Bolt action rifles that fire rimfire cartridges incorporate an offset firing pin. A center fire cartridge has a replaceable primer located in the center of the cartridge and when struck by the centrally located firing pin, the primer creates a flash that ignites the gun powder. In contrast, a rimfire cartridge's primer is part of the case. More specifically, there is a fold of brass material at the rim of the rimfire cartridge that has a chemical compound applied to the area inside the case prior to the gun powder and bullet being installed in the cartridge. The firing pin of a rimfire bolt action assembly is offset and strikes the rimfire cartridge on the outer edge of the case. Due to the firing pin being off center, the bolt will experience a force that is shifted to one side and the bolt will move away from the force if not supported properly.

Accordingly, there exists a need for a rear lock-up rimfire bolt action assembly that can evenly distribute the forward pressure the bolt assembly places on a chambered round and will not allow the bolt assembly to move or flex within the action body during the firing of the round.

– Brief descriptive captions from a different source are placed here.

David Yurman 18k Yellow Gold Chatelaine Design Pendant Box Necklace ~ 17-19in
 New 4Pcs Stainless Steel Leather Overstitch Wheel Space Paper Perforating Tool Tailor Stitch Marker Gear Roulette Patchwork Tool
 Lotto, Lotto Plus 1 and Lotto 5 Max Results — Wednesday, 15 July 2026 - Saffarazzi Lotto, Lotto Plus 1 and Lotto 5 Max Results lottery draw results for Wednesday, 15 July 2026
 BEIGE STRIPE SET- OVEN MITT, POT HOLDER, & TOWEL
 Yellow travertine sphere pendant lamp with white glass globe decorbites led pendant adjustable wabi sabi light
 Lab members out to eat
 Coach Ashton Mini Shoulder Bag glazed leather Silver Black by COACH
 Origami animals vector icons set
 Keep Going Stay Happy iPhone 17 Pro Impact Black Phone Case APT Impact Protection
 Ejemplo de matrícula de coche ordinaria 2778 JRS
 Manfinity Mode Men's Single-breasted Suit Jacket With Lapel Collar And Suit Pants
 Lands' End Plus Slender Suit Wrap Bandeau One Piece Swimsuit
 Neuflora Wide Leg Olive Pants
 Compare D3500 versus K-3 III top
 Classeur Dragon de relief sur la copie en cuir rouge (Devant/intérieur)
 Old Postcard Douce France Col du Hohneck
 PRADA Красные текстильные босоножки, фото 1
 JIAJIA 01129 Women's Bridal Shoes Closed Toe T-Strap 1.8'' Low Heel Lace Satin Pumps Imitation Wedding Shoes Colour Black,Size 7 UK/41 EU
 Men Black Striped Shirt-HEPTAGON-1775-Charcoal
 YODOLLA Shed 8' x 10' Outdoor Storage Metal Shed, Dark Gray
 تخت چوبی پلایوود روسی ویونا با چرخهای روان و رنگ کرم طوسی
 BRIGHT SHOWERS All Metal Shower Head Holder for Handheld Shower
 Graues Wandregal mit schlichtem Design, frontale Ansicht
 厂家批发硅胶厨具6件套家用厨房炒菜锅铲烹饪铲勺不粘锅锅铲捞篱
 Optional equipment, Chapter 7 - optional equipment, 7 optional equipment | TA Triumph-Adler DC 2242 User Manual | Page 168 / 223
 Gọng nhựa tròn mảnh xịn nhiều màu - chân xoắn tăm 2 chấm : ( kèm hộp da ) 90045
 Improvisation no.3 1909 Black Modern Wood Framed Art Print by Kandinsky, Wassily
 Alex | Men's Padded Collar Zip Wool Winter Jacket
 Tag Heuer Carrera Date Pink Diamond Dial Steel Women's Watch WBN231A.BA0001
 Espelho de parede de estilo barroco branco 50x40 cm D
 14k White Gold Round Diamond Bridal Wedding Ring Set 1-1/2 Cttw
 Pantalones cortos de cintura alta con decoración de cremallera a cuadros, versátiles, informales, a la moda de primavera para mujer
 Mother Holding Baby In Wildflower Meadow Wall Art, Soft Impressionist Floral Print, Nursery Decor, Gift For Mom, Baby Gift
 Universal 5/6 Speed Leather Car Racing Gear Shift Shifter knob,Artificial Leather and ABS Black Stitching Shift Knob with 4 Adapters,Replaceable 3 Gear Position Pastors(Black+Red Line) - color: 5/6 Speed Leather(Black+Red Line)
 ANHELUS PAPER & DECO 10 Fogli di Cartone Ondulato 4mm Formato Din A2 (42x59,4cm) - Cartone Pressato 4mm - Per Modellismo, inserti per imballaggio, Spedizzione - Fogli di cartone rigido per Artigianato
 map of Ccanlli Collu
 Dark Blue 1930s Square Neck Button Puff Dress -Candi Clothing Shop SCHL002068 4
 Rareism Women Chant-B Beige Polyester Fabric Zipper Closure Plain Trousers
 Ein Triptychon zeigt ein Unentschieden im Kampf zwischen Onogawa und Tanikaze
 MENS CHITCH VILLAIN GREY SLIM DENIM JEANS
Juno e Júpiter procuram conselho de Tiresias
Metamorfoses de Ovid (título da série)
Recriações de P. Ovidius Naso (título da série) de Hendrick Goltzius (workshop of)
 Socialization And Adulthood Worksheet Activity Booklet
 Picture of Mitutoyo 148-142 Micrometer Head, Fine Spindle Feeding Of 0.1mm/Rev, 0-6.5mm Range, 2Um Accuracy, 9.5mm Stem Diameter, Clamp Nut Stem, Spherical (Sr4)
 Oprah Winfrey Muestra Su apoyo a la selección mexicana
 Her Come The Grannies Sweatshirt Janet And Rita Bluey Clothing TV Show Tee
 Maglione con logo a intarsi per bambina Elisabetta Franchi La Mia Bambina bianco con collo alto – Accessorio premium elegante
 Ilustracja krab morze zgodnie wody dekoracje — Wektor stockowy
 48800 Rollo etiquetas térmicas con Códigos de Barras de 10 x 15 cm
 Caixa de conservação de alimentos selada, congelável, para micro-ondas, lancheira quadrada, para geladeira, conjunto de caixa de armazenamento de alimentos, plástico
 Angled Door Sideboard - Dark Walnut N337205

The present teachings provide a bolt action assembly including a receiver body having a front aperture capable of receiving a firearm barrel and a rear aperture. A lug groove is formed in the vicinity of the rear aperture of the receiver body. The bolt action assembly further includes a bolt assembly having a bolt handle and three rear locking lugs arranged on a rear portion of the bolt assembly. The bolt assembly is configured to be arranged in the receiver body such that the three rear locking lugs are capable of being rotated within the lug groove when the bolt handle is rotated.

The present teachings also provide a rear lock-up bolt action assembly including a receiver body having a lug groove formed in the vicinity of a rear portion of the receiver body. The lug groove defines a rear shoulder surface. The rear lock-up bolt action assembly further includes a bolt assembly including a bolt handle and at least three rear locking lugs arranged on a rear portion of the bolt assembly. Each of the at least three rear locking lugs defines a rear seating surface. The bolt assembly is configured to be supported in the receiver body such that when a round is fired the rear seating surfaces of each of the three rear locking lugs are forced to mate with the rear shoulder surface of the lug groove thereby evenly distributing a bolt pressure.

The present teachings still further provide a rear lock-up rimfire bolt action assembly including a receiver body including a lug groove formed in the vicinity of a rear portion of the receiver body. The rear lock-up rimfire bolt action assembly further includes a bolt assembly including an offset firing pin, a bolt handle, and at least three rear locking lugs arranged on a rear portion of the bolt assembly. The bolt assembly is configured to be supported in the receiver body such that when a rimfire cartridge is fired, the three rear locking lugs are forced to mate with the lug groove thereby evenly distributing a bolt pressure on the receiver body.

Additional features and advantages of various embodiments will be set forth, in part, in the description that follows, and will, in part, be apparent from the description, or may be learned by the practice of various embodiments. The objectives and other advantages of various embodiments will be realized and attained by means of the elements and combinations particularly pointed out in the description herein.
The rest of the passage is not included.